■ Goal of the exercise ■
In the data below, repeat the line containing "a large wooden" and every following line exactly, up to and including the last line. Exclude pictures.

■ Collected material ■
=======

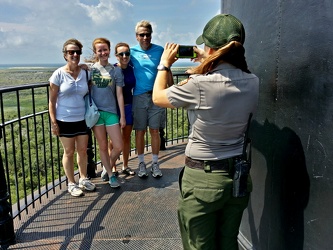 Park ranger taking a photo of a family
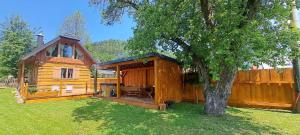 a large wooden cabin with a tree in the yard at Drevenička Zázrivá Terchová in Zázrivá
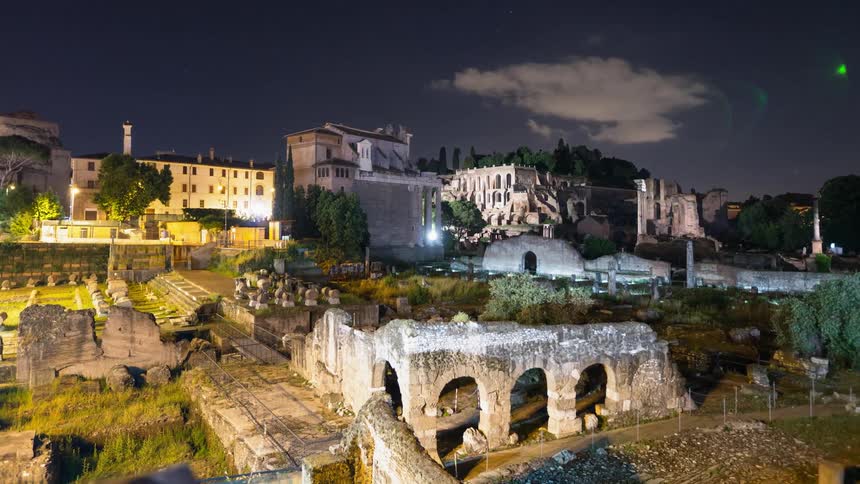 Clouds float over ruins in a city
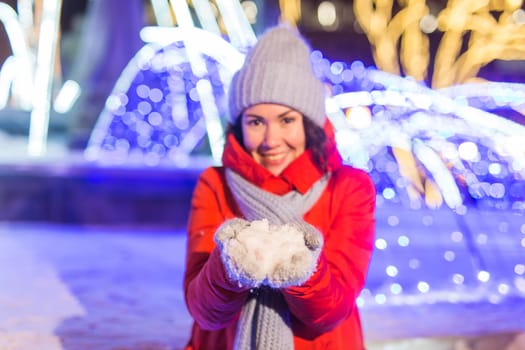 Happy funny young woman with winter clothes background evening city lights illumination. Christmas and winter holidays.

=======

■ Solved exercise ■
 a large wooden cabin with a tree in the yard at Drevenička Zázrivá Terchová in Zázrivá
 Clouds float over ruins in a city
 Happy funny young woman with winter clothes background evening city lights illumination. Christmas and winter holidays.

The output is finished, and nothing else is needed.